The distortion coefficients are \((k_1, k_2, p_1, p_2, k_3)\) where \(k_i\) are radial distortion coefficients and \(p_i\) are tangential distortion coefficients.
Example:
>>> from machinevisiontoolbox import Image, ImageCollection >>> import numpy as np >>> images = ImageCollection("calibration/*.jpg") >>> K = np.array([[ 534.1, 0, 341.5], [ 0, 534.1, 232.9], [ 0, 0, 1]]) >>> distortion = np.array([ -0.293, 0.1077, 0.00131, -3.109e-05, 0.04348]) >>> out = images[12].undistort(K, distortion) >>> out.disp() <matplotlib.image.AxesImage object at 0x7f9358254c70>
- Seealso
images2C
opencv.undistort
- view1d()[source]
Convert image to a column view
- Returns
column view
- Return type
ndarray(N,) or ndarray(N, np)
A greyscale image is converted to a 1D array in row-major (C) order, ie. row 0, row 1 etc.

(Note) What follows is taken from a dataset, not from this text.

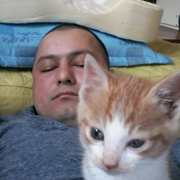 shkip set 39 Toronto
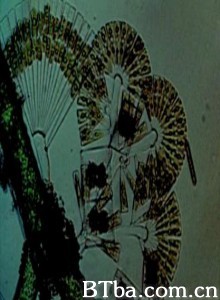 硅藻 (1970)  BT磁力 迅雷网盘下载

A color image is converted to a 2D array in row-major (C) order, with one row per pixel, and each row is the pixel value, the values of its planes.
Example:
>>> from machinevisiontoolbox import Image >>> Image.Read('street.png').view1d().shape (1089280,) >>> Image.Read('monalisa.png').view1d().shape (473900, 3)
Note
This creates a view of the original image, so operations on the column will affect the original image.